Bleibt ein Blick auf die neutralen, nüchternen Zahlen. Auf den ersten Blick positiv sind die vielen Businesspläne, die an die Business Angels verschickt wurden. Rein rechnerisch erhielt jeder Umfrageteilnehmer rund 28 ausformulierte Geschäftsideen mit der Bitte um wohlwollende Prüfung. Das sind fast doppelt so viele wie im langjährigen Durchschnitt. Auf den zweiten Blick aber wird klar, dass die Zahl von einem einzelnen Panelisten stark verzerrt wurde. Dieser eine Engel erhielt 300 (!) Pläne – und bewegt sich damit an der Grenze zur Venture Capital Gesellschaft. Rechnet man diesen Ausreißer heraus, landeten nur noch gut zehn Konzepte in den Postkästen der Befragten.

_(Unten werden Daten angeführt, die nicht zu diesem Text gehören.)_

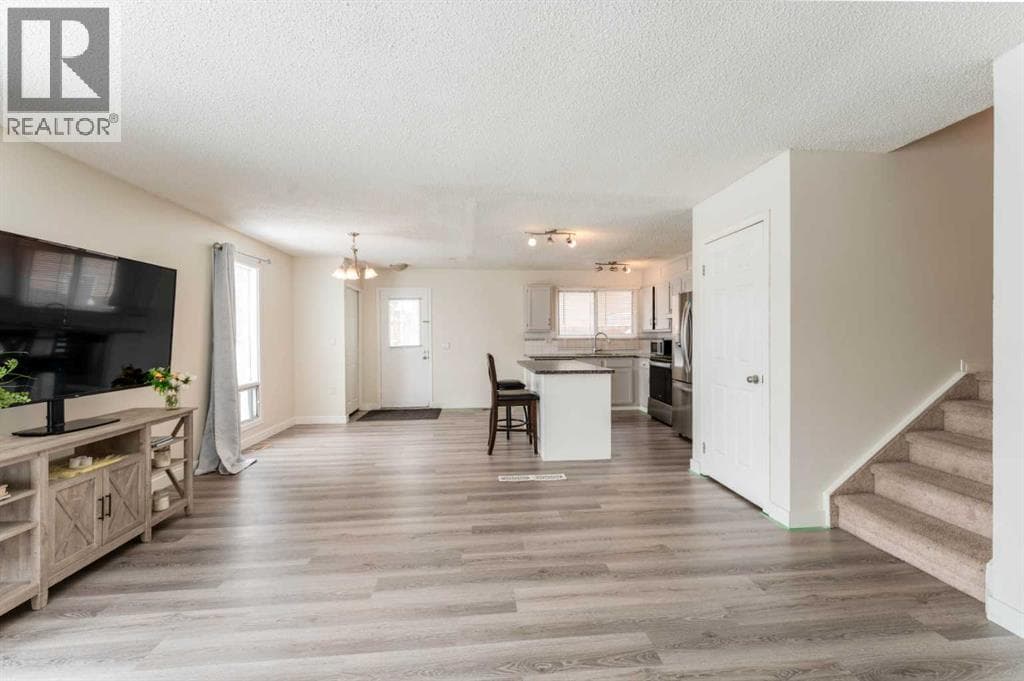 147 Templewood Drive NE — photo 3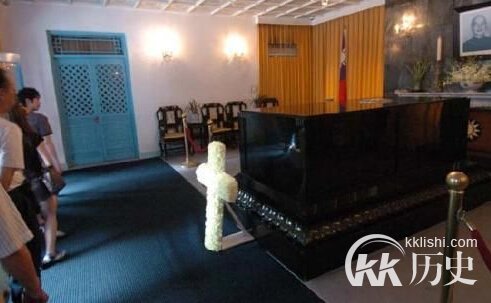 蒋介石死后埋在那里?蒋介石遗体至今未葬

Positiv aus Sicht der Gründer: Es wurde auf breiter Front investiert. Jeder zweite Engel griff ins Portemonnaie, um ein neues Unternehmen in sein Portfolio aufzunehmen und anzuschieben. Im langjährigen Mittel liegt die Quote nur bei 36 %.
Unter Einbezug von Folgefinanzierungsrunden gab jeder Befragte durchschnittlich knapp 66 000 € aus. Das bedeutet zwar eine deutliche Steigerung im Vergleich zum Vorquartal, ist aber zum Großteil dem Engagement eines einzelnen Investors geschuldet. Dieser machte mehr als 0,5 Mio. € locker. Doch auch ohne ihn wäre die Summe mit knapp 40 000 € beinahe doppelt so hoch wie zuletzt. So viel Spendierlaune schlägt sich natürlich nieder im himmlischen Etat. Nach aktuellem Stand haben die Business Angels 74 % ihrer für Start-up-Investments vorgesehenen Mittel bereits ausgegeben. So hoch war die Quote noch nie. Angesichts der vielen Abschreibungen und der zahlreichen, teils großvolumigen Neu-Investments ist die Zahl aber nicht verwunderlich.

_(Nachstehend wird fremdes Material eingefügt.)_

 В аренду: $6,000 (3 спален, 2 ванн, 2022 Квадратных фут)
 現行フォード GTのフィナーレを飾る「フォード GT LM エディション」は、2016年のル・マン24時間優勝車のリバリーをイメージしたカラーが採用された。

Wer darf unter solchen Bedingungen noch hoffen auf eine himmlische Kapitalspritze? Am höchsten in der Gunst der Investoren stehen aktuell Gründer aus dem Bereich Webservices/E-Business. Den zweiten Platz teilen sich Umwelttechniker und Materialforscher. Bronze geht je zur Hälfte an Medizintechniker und Energie-Experten.
Umfrage: Business Angels sehen in der Crowd kaum Konkurrenz
Nur knapp jeder fünfte Business Angel sieht in Crowdinvestoren Wettbewerber. 29 % sehen die Hobby-Anleger, die sich via Plattformen wie Seedmatch oder Companisto mit kleinen Beträgen an jungen Unternehmen beteiligen, eher als willkommene Finanzierungspartner. Die Mehrheit (53 %) hält den neuen Trend in der Gründungsfinanzierung für unbedeutend im Hinblick auf das Geschäft der Business Angels. Das ist ein Ergebnis des jüngsten Business Angels Panels.
Auf die Frage, ob sie schon einmal selbst via Crowdfunding-Plattform in ein Start-up investierten, antworteten immerhin 18 % der befragten Business Angels mit „ja“.